[Given information]

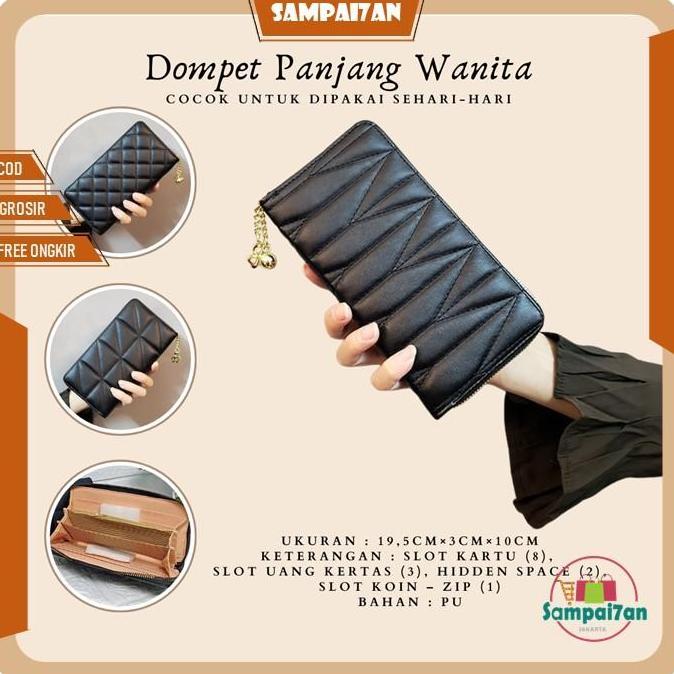 DY48 >> Dompet Wanita Panjang Import Zipper Dompet Hitam Polos Dompet Perempuan Fashion Dompet Cewek
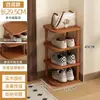 Zapatero de Madera Maciza para Uso Doméstico, Multicapa, Resistente y Estético, Pequeño y Estrecho para Casa de Alquiler, Zapatero Simple para Almacenamiento de Zapatos en Interiores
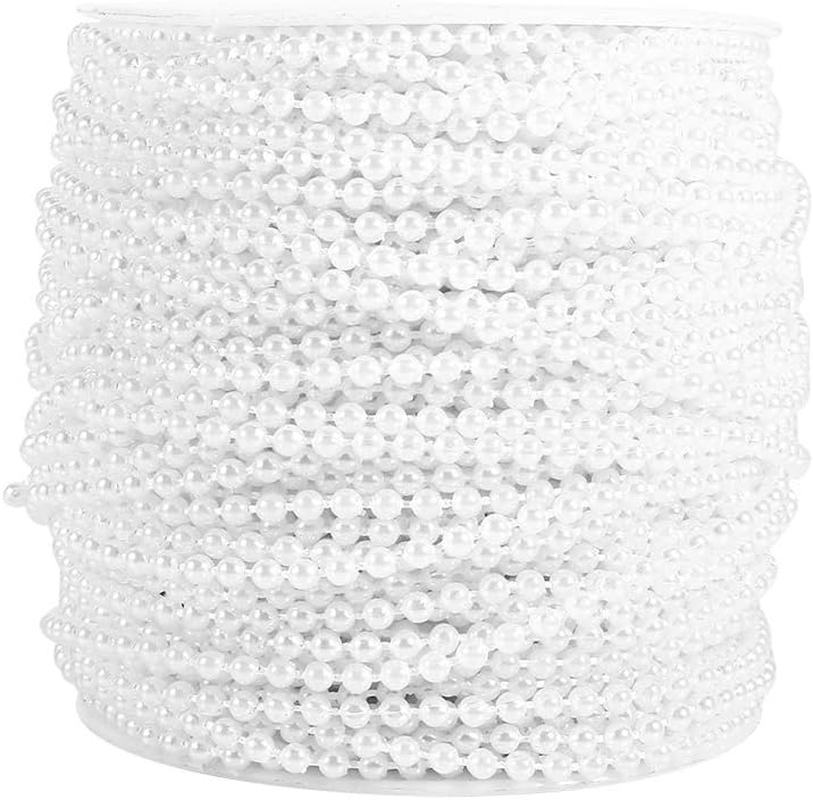 Pearl String,50M Roll 3Mm Fishing Line Pearls String Beads Chain Garland Wedding Decoration Centerpieces(White) image number 2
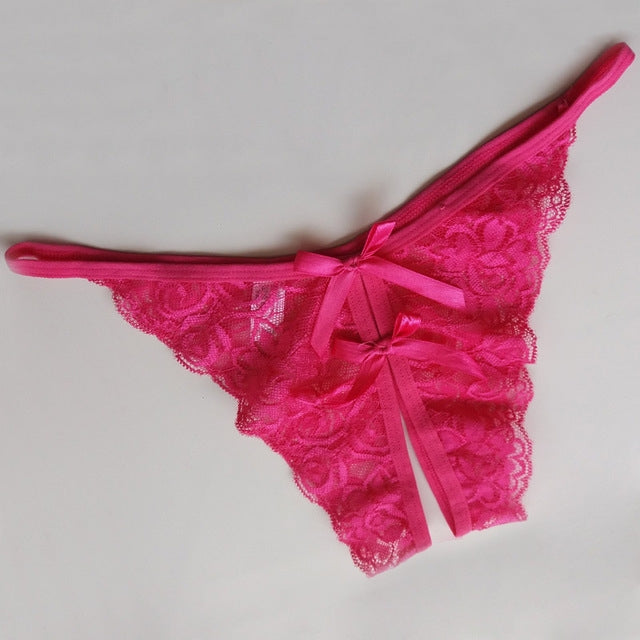 Sexy Opening Crotch Panties Flower Lace Briefs Thongs, One Size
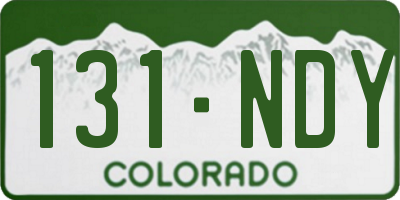 CO license plate 131NDY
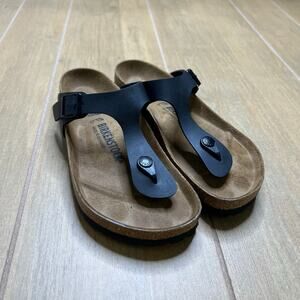 Birkenstock Women's Gizeh Bs Sandals Thong Flat Adjustable Buckle Black Size 7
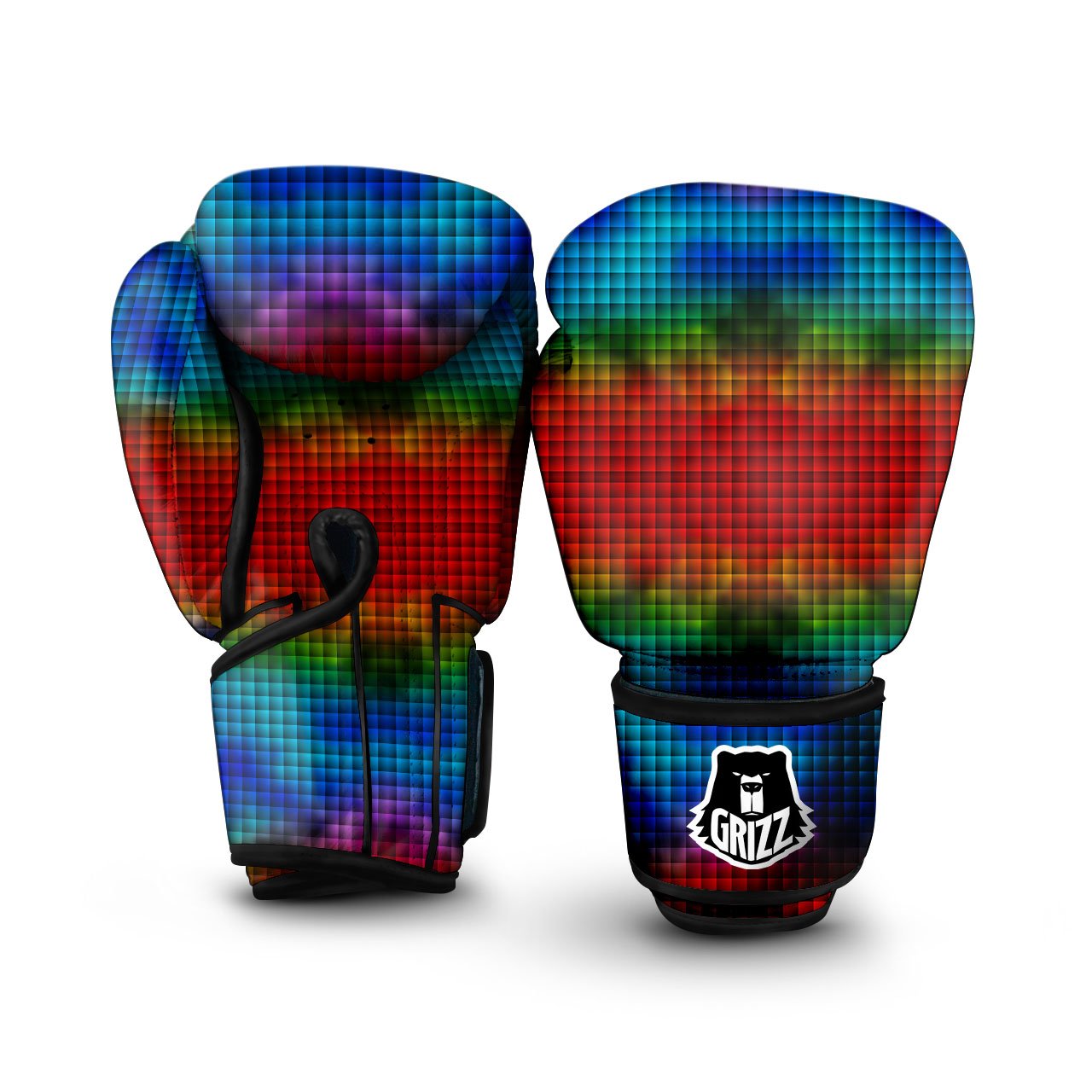 Squares Rainbow Print Pattern Boxing Gloves-grizzshop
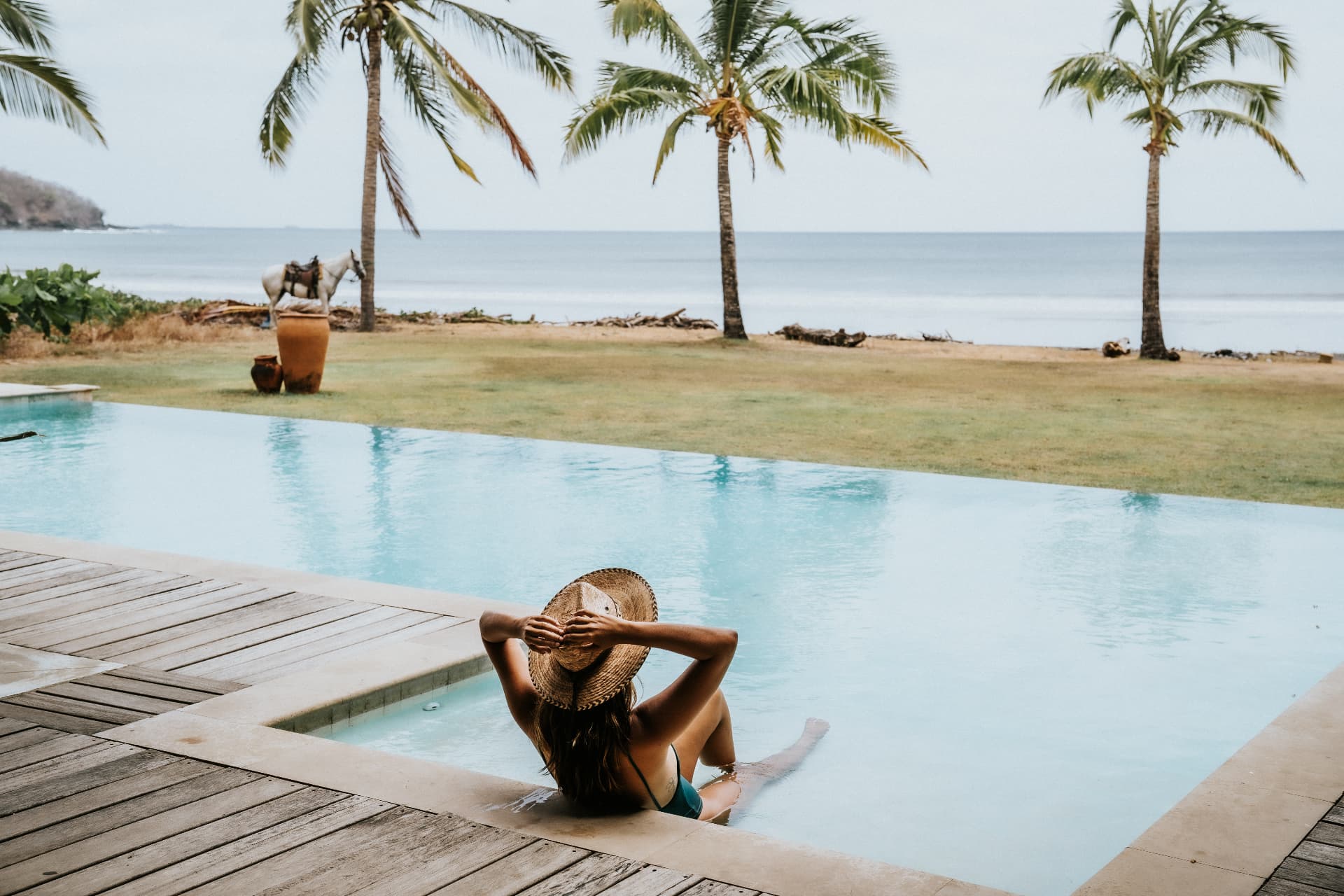 Villa Nomada — the pool, palms and the Pacific beyond, Playa Venao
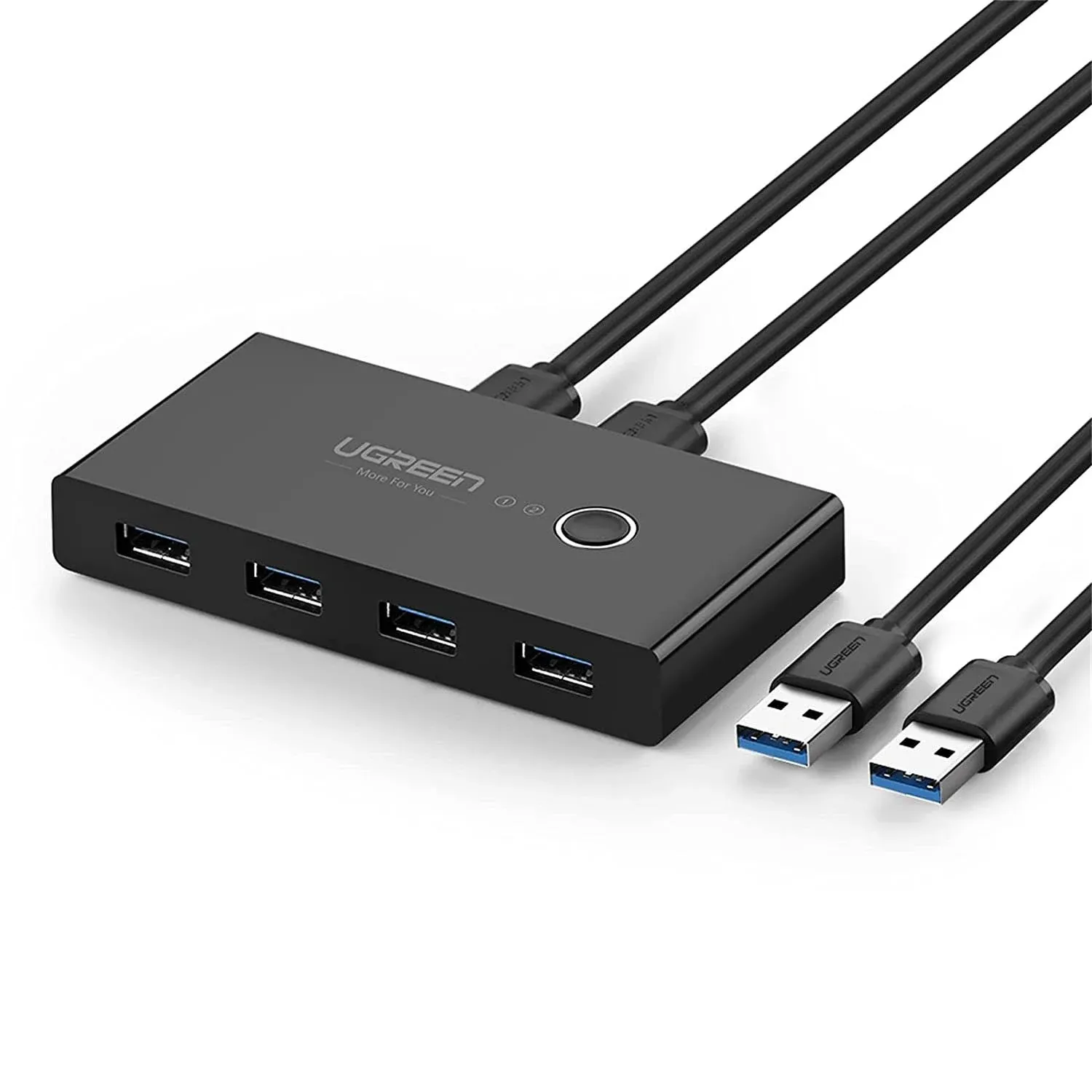 UGREEN USB 3.0 4-Port Switch with 2 Pack USB Male Cable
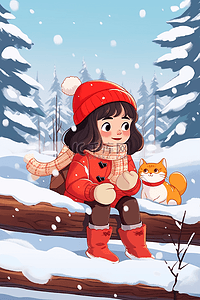 可爱女孩冬天小猫雪景手绘插画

[/Given information]

**Work instruction**: Beginning with the line holding "UGREEN USB 3.0", copy each line exactly through the end of the records above, and leave every picture out.

**Response below**:
 UGREEN USB 3.0 4-Port Switch with 2 Pack USB Male Cable
 可爱女孩冬天小猫雪景手绘插画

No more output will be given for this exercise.